Ein wirklich schlechter Film, der akut nicht den Hauch einer Regung in mir auslösen konnte. Erst im Nachhinein schmerzt vor allem das Verschenken von Potential enorm. WTF fährt die eigene Prämisse wirkungslos gegen die Wand und zerbricht nicht einmal an den eigenen Fragen, sondern bereits an der Unfähigkeit sie überhaupt zu stellen. Als Gegenpol zur profillos-unterkühlten Fey und einem Martin Freeman, den man bei jedem Wort nur verprügeln will, bis er endlich ruhig ist, bildet wenigstens Billy Bob Thornton – sporadisch als Major der Marines auftauchend – den vielleicht einzigen Lichtblick in diesen fast zwei Stunden nichts sagender Ödnis. Der bringt es jedoch, wie auch Alfred Molina, als notgeiler afghanischer Politiker (dessen Doppelmoral wohl auch Satire sein soll), quantitativ auf maximal 3 Minuten Screentime. WTF?! Kino am Tiefpunkt – over and out.


Wertung
1 von 10 Definitionen der totalen Belanglosigkeit


Veröffentlichung
WHISKEY TANGO FOXTROT Läuft ab dem 02. Juni 2016 im Verleih von Paramount in den deutschen Kinos.


Weblinks
IMDB
MOVIEPILOT
LETTERBOXD
Streamen: Werstreamt.es
Leihen: LOVEFILM
Amazon (*) (falls ihr das Amazon-Widget nicht seht, wird es von eurem Ad-Blocker gekillt):

4 Gedanken zu „GeSneakt: Whiskey Tango Foxtrot (2016)“

  1. Oh, schade. Extrem schade. Ich mag Tina Fey sehr gerne (zumindest in “30 Rock”) und dachte sie hat das nötige Fingerspitzengefühl für solch eine Satire.

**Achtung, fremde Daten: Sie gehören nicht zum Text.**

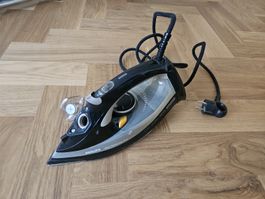 philipps Azur Performer Plus Dampfbügeleisen GC4527/00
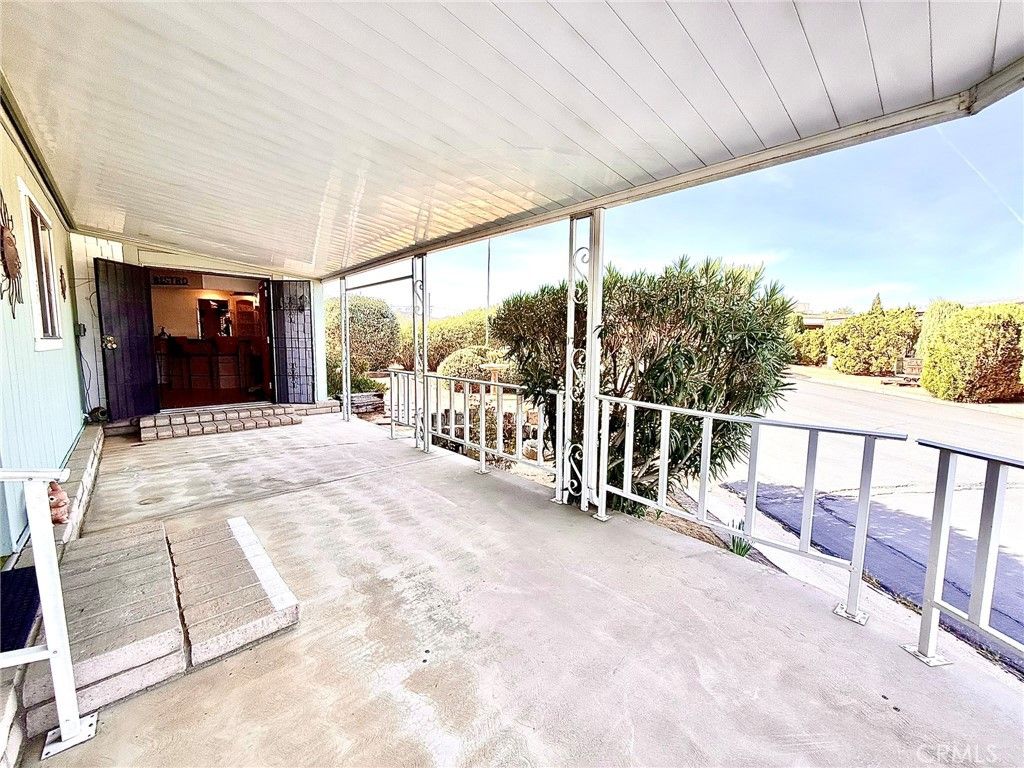 Image 45 of property listing at 7501 Palm 100, Yucca Valley, CA 92284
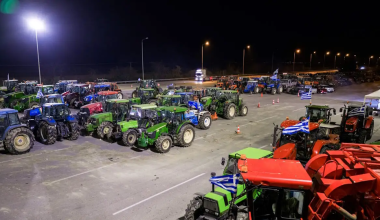 Κλιμακώνουν τις κινητοποιήσεις τους οι αγρότες: Έκλεισαν οι παρακαμπτήριοι στη Νίκαια της Λάρισας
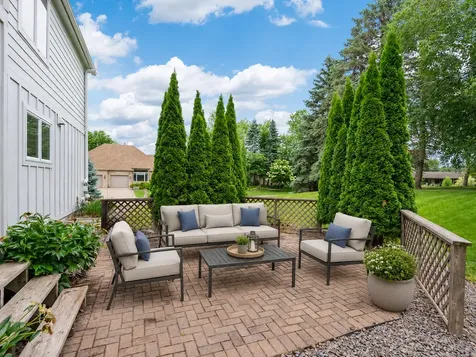 13808 Frontier Lane Burnsville MN 55337
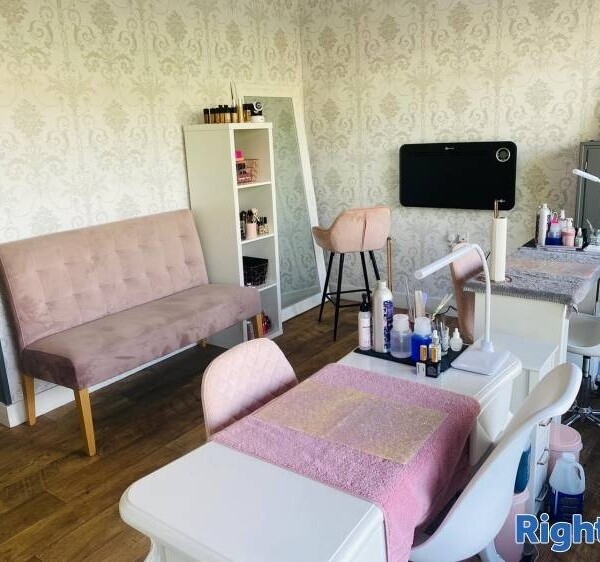 Well-Equipped Beauty Salon in Cumbria Photo 2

    1. Ich habe keine Ahnung wie du den findest. Um mich herum wurde wild gegackert (aber eher wie bei einer reinen Comedy, nicht einer klugen Satire) und der bekommt überall fast durchweg so mittelgute Wertungen. Credit hat Fey hier allerdings nur als Darstellerin. Denke eine erfahrene Comedian wie sie wird sicher die ein oder andere Pointe im Entstehungsprozess mit eingebracht haben, aber das Skript geht laut Credits komplett auf Robert Carlock zurück. Aber auch Fey’s Delivery war fürchterlich und ihre Figur so unglaublich unsympathisch. War einer dieser Filme, wo “langweilig” als Beschreibung nicht reicht, weil die Erfahrung schon stark ins Schmerzhafte ging.

      Vielleicht muss ich mich auch einfach mal locker machen, was die Darstellung von Kriegsgebieten in denen die USA stationiert ist in US-Filmen betrifft – da regt mich jedes Klischee sofort unglaublich auf. Wobei – in Bigelow’s Filmen geht es ja auch, warum also nicht extrem kritisch drauf gucken?